Closed ralfr closed 11 years ago

ralfr commented 11 years ago

In scenarios, where one has to load potentially hundreds of records and (e.g.) display those in a UITableView, Apple suggests using the NSFetchedResultsController in order to lazy load at the time of display.

I'm unsure how a scenario like this would be implemented "correctly" alongside Magical Record? I understand, that Magical Record adds stuff on top of CoreData, so I could just use NSFetchedResultsController in parallel.

However, I'm wondering what would be the correct way of doing this? Is there anything in Magical Records, that sort of replaces NSFetchedResultsController?

berkus commented 11 years ago

You could use [NSManagedObject MR_fetchController:] and friends (there's about 15 methods total), see NSManagedObject+MagicalFinders.m

ralfr commented 11 years ago

Thanks, @berkus. I wonder whether there are any tutorials or any further documentation out there, explaining how to use those?

berkus commented 11 years ago

I tried it out, it works exactly the same way as you would with the NSFetchedResultsController. I'm still a bit confused as to how the groupedBy: and sortedBy: would work in case of multiple keys (haven't looked into the source yet), but the rest works fairly predictably. You simply get an NSFetchedResultsController in return and work with it as usual.
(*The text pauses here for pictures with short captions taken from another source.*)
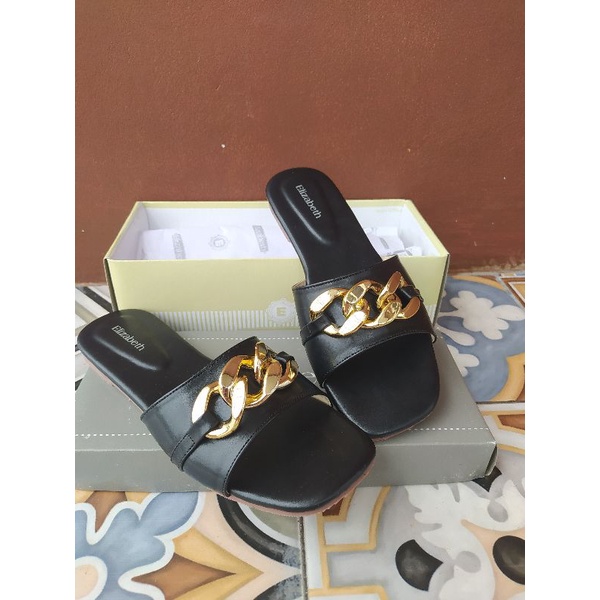 Preloved Flat Sandal Elizabeth size 40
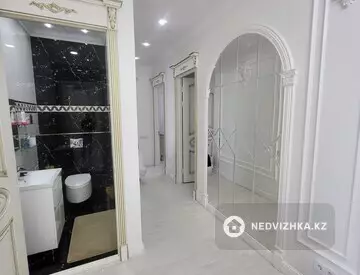 4-комнатная квартира, этаж 11 из 15, 120 м²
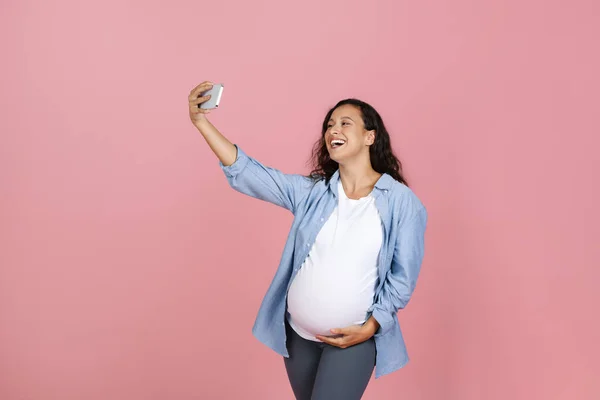Feliz Hermosa Joven Embarazada Con Gran Barriga Tomar Selfie Teléfono — Foto de Stock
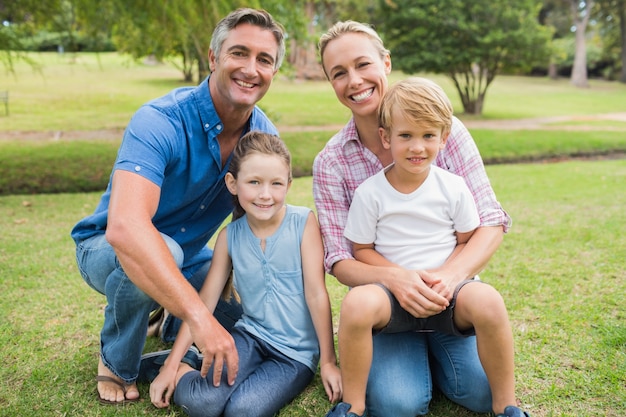 Familia feliz sonriendo a la cámara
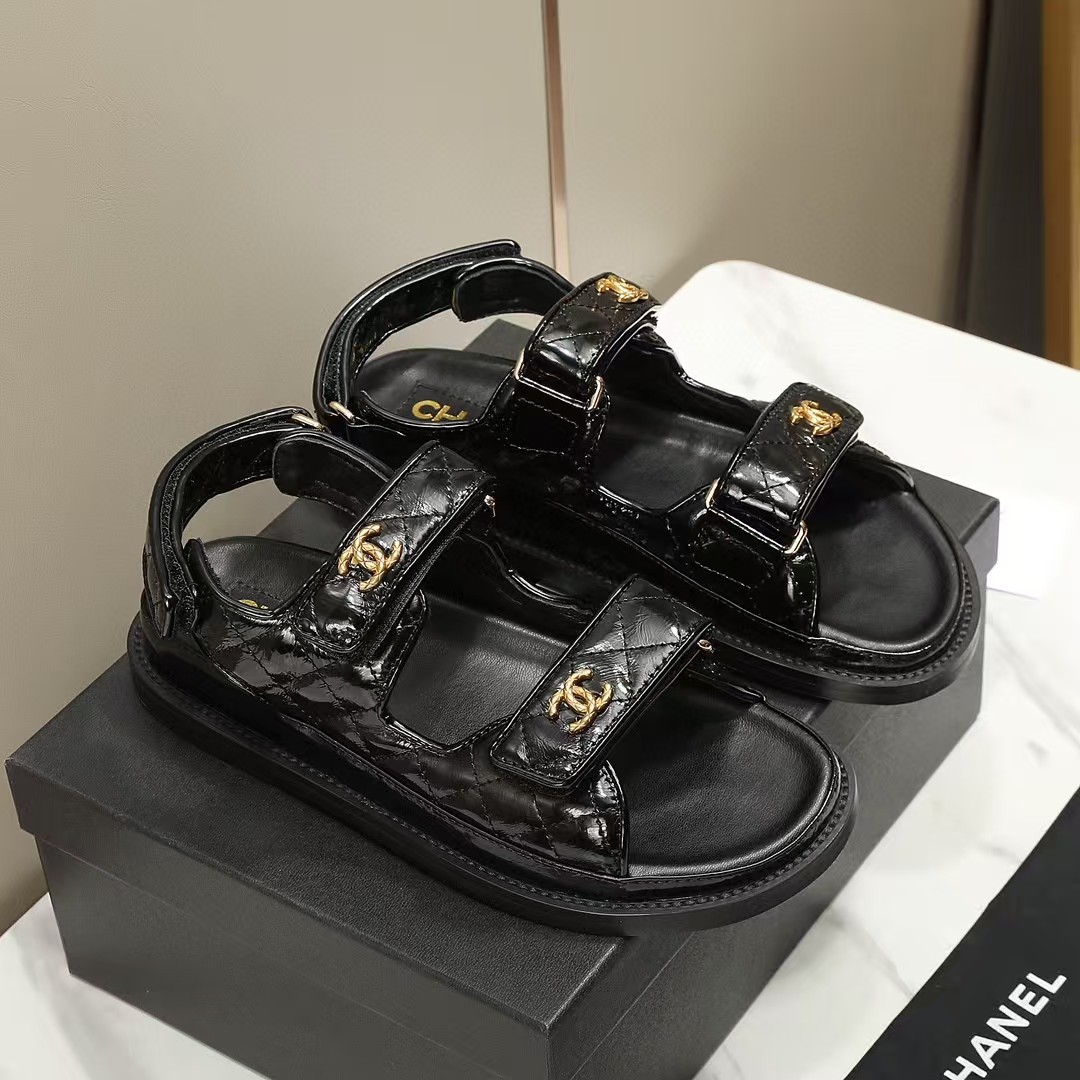 Latest company case about Most Favorite Luxury Brands Among Gen Z Consumers 2026 | Full Blog Outline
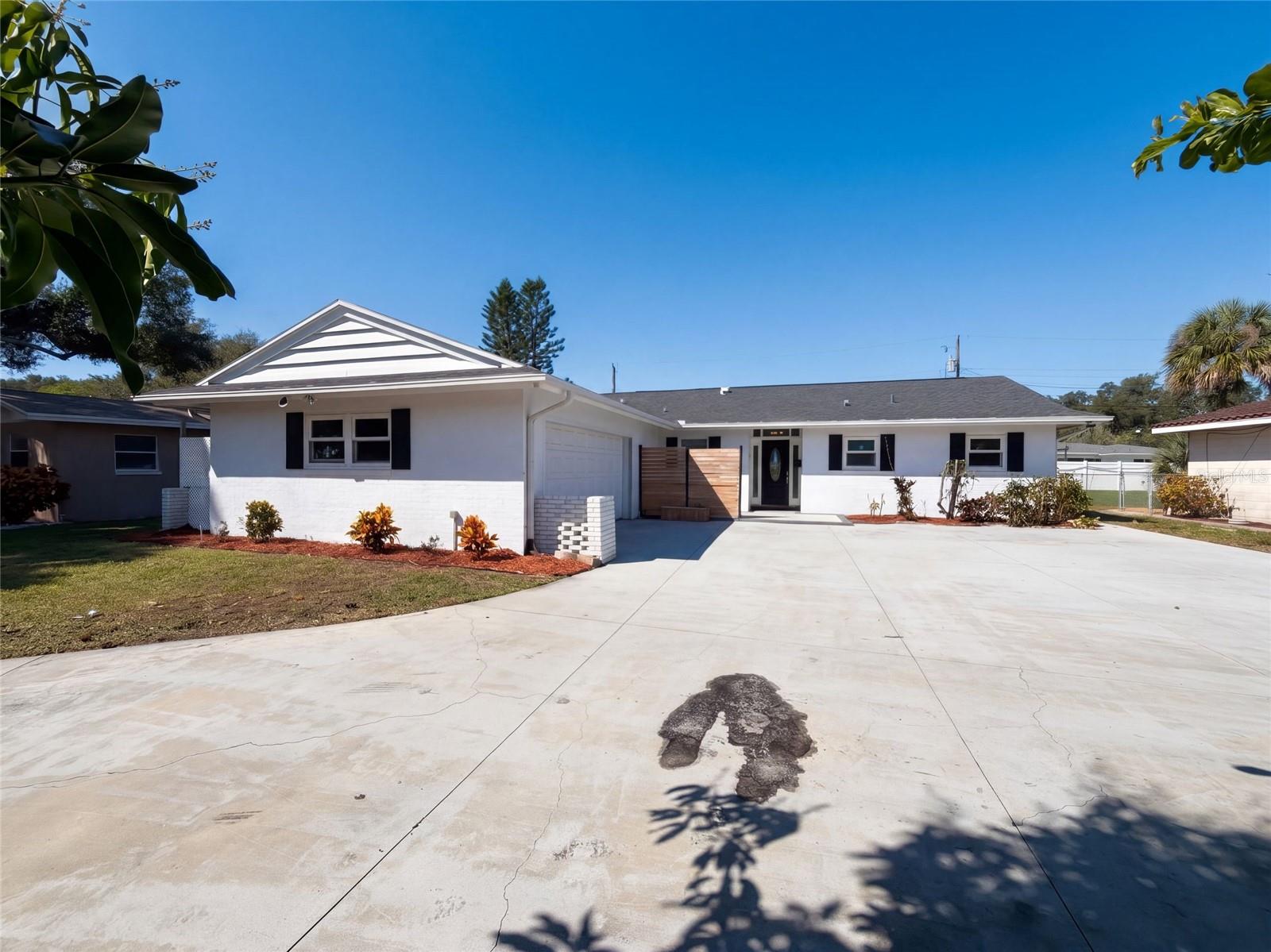 2645 ROY HANNA DR S - Photo 1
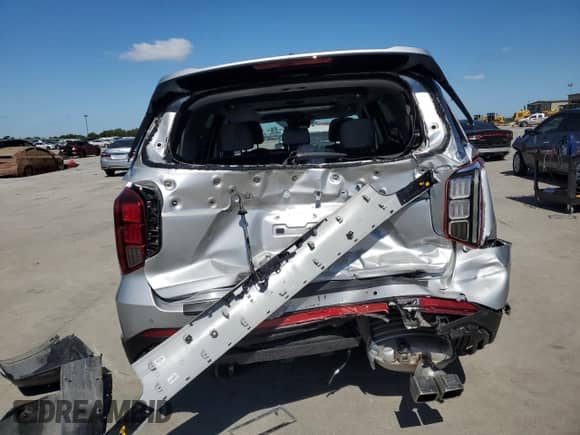 2024 Hyundai Palisade SEL с VIN KM8R44GE2RU675046, выставлен на аукционе Copart как лот 71719284 с пробегом 8 262 миль миль и Списание • Salvage title. История ставок и продаж доступна на DreamBid. Изображение 6.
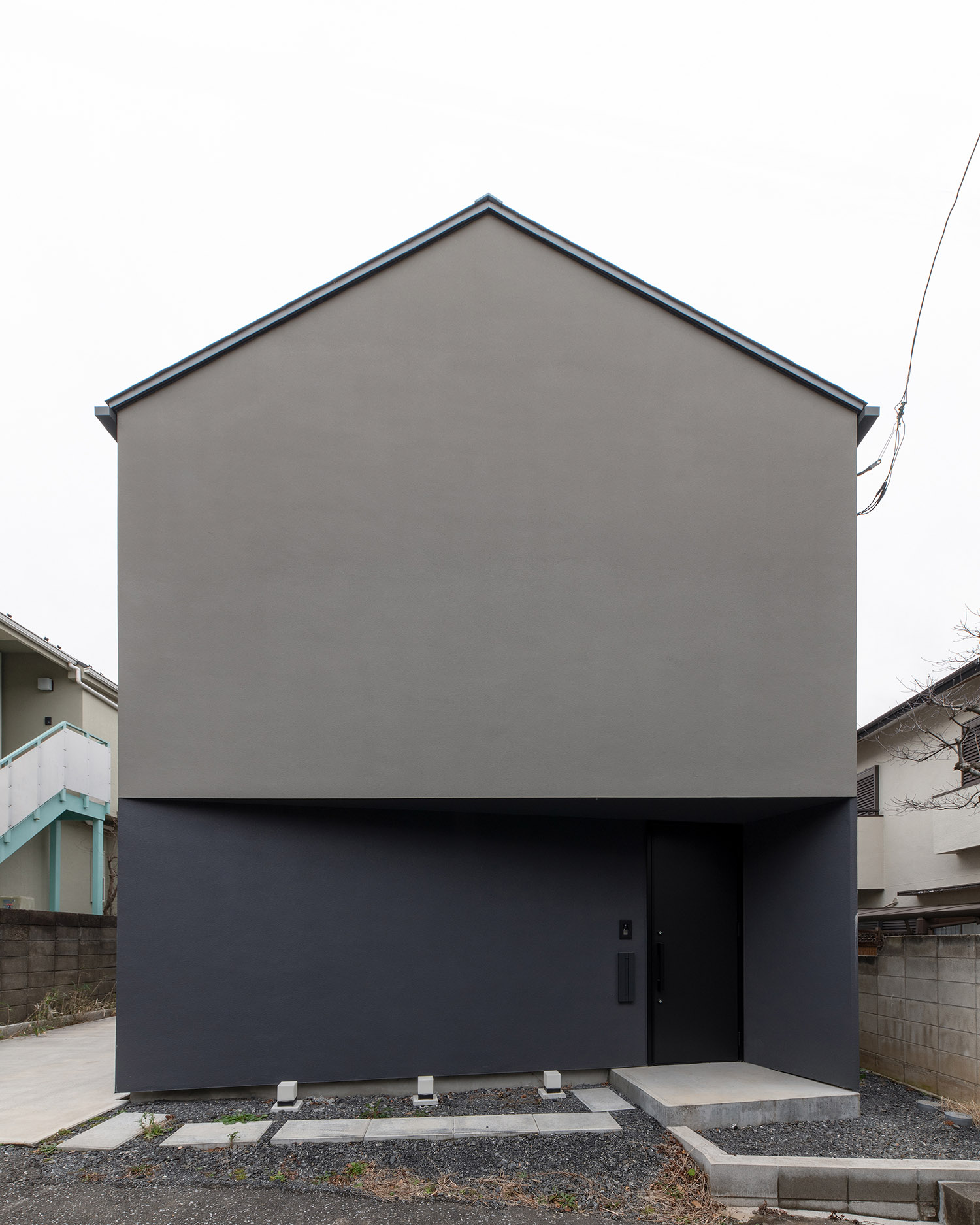 窓のない、三角屋根でグレーの外壁の家・デザイン住宅 注文住宅・デザイン住宅建築実例_『CASE760 自然体の家』_外観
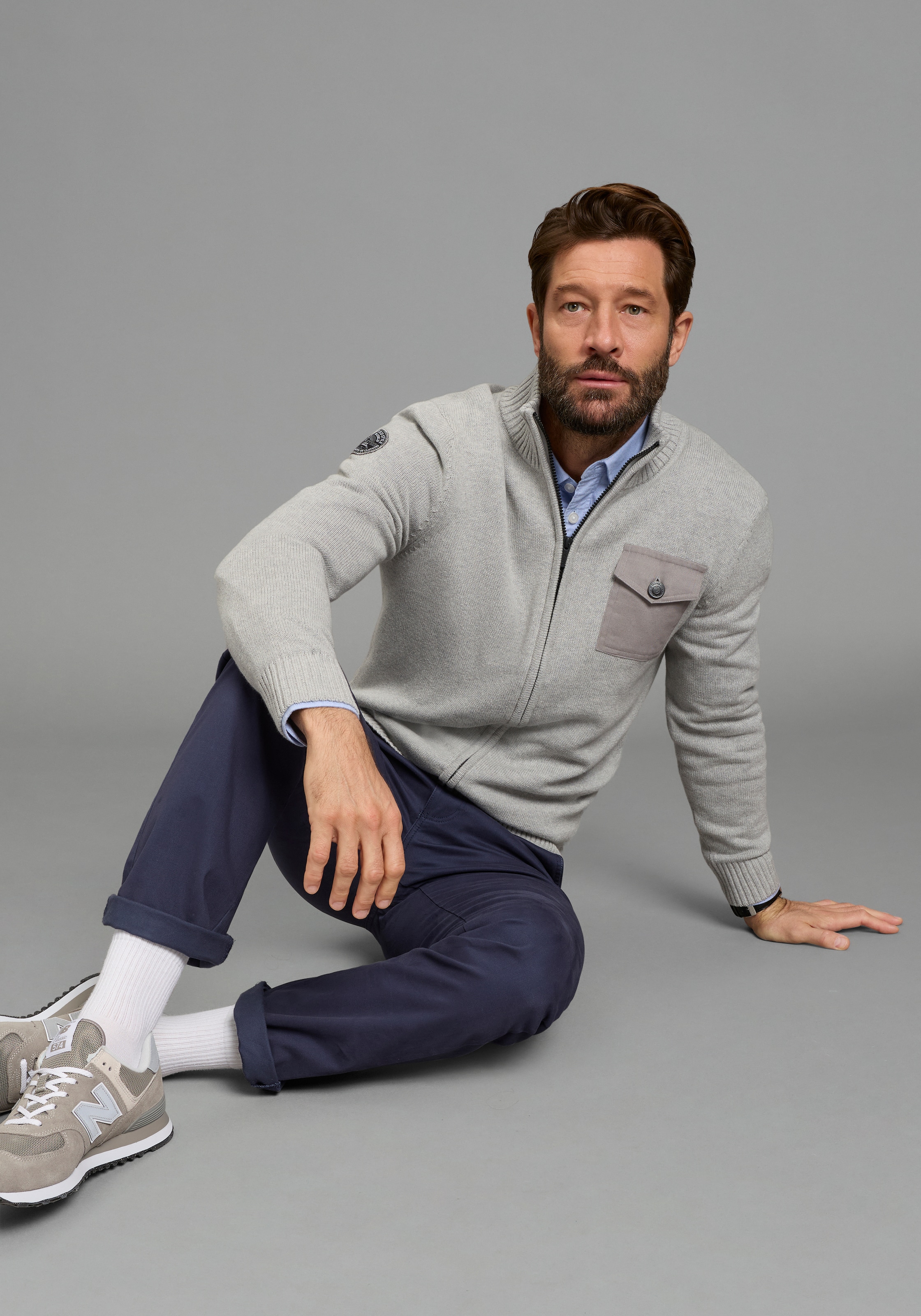 Man's World Strickjacke »Neue Kollektion! Highlight mit Brusttasche und Badge« casual Stil, mit Reissverschluss, Langarm, melierte Optik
casademora commented 11 years ago

The NSFRC helpers in MagicalRecord aren't much more than simple wrappers around creation the fetch request, creating the NSFRC and launching the fetch. It was written when the NSFRC was frankly pretty bad…we'll be looking at adding more convenience methods now that it's finally stabilized and sorta works now :) Feel free to send in your ideas or pull requests!

Saul Mora saul@casademora.com (mailto:saul@casademora.com) http://about.me/saulmora

On Monday, February 4, 2013 at 10:23 PM, Berkus wrote:

I tried it out, it works exactly the same way as you would with the NSFetchedResultsController. I'm still a bit confused as to how the groupedBy: and sortedBy: would work in case of multiple keys (haven't looked into the source yet), but the rest works fairly predictably. You simply get an NSFetchedResultsController in return and work with it as usual.

— Reply to this email directly or view it on GitHub (https://github.com/magicalpanda/MagicalRecord/issues/404#issuecomment-13115173).

berkus commented 11 years ago

I'm so far happy with what MR provides, but we'll see!